5. Emily the Criminal (John Patton Ford)

Like Sean Baker directing neo-noir, Emily the Criminal takes commentary on late stage capitalism and turns it into a “one desperate person crosses the line and can’t look back” thriller about a woman (a career-best Aubrey Plaza) gaming the system because she feels she has no other choice. Using crippling student loan debt as a motivation for someone breaking bad as opposed to any sort of revenge plot is a genius move, and John Patton Ford loads his debut feature with down-to-earth details that make Emily’s story feel so intrinsically rooted in the real world.

4. After Yang (kogonada)

I had the pleasure to speak with filmmaker kogonada about his stirring treatise on mortality, After Yang, and the moment from that conversation I return to most is him saying that “what makes art so invigorating is that you’re pursuing the ineffable.” This is a notion seeded throughout his gentle, transcendent sophomore feature. We can never truly know another person. In some ways, we will never fully know ourselves or our relationship with the world. But the search for it, the mystery, the endless pursuit—that’s the beauty of life.

3. Crimes of the Future (David Cronenberg)

It’s not even a little surprising that David Cronenberg wrote the screenplay for Crimes of the Future twenty years ago and didn’t change a thing in bringing his vision to life in 2022. It falls right in line both as a capper on a trilogy with Videodrome and eXistenZ, and also as a double bill with Crash. I found myself deeply connected with its exploration of how our bodies and our understanding of our bodies shifts dramatically—how that can be exciting, terrifying, arousing, and draw us closer to one another. And of course how the government wants to control our bodies to maintain the status quo at all times.

2. Nope (Jordan Peele)

There are few experiences more thrilling in cinema these days than watching a Jordan Peele film, and Nope is without question his biggest effort so far in terms of scale and spectacle. With a deep well of knowledge in the medium, Peele somehow reinvents the alien picture, creating a story where this being isn’t necessarily a God-like invader, nor a savior, nor is it quite a misunderstood outsider who is abused and needs rescuing. It’s an outsider like any other, and we see how it’s misunderstood and mistreated the way so many other outsiders are, warped in an attempt to be tamed. He weaves in Jean Jacket’s story through folks like Jupe, Gordy, and Haywood Hollywood Horses. When you see the pieces all connecting, the thrill is inimitable.

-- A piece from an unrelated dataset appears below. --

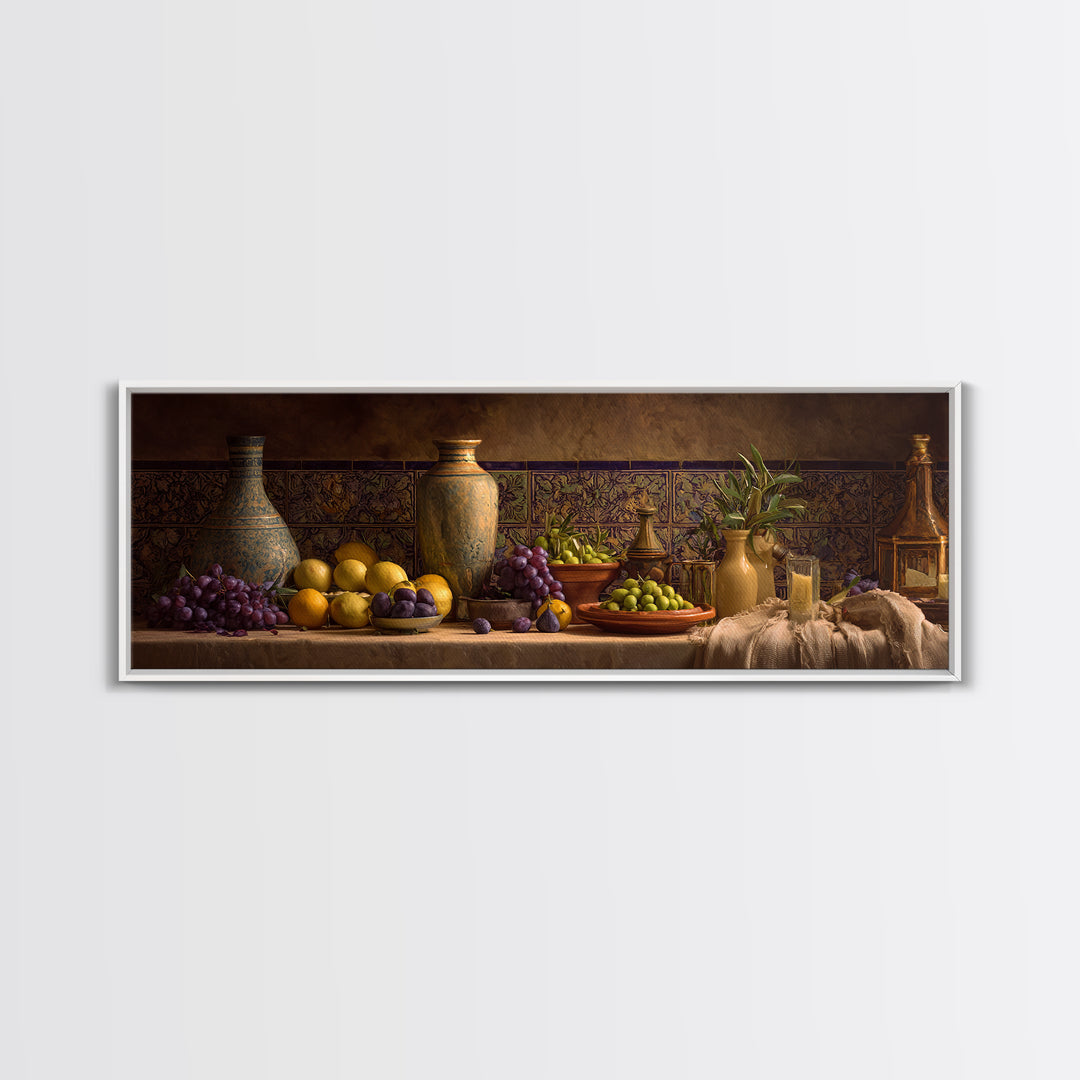 Figs Olives and Cheese Still Life Canvas Print, Mediterranean Art, Gallery Wall Art, Living Room Decor, Fine Art, Azure, MAR-3x1-96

1. Kimi (Steven Soderbergh)

While clearly influenced by classic paranoia thrillers like The Conversation and Blow Out, Steven Soderbergh and David Koepp’s Kimi forged its own legacy in the subgenre through its reckoning with our increased surveillance state in the digital age. It also benefited from marvelously layered texturing of its main character, a tech worker on the spectrum (Zoë Kravitz) with a meticulousness that never bleeds into hacky tropes. Kimi dropped in February, but these razor-sharp 89 minutes have remained some of the very best all year long.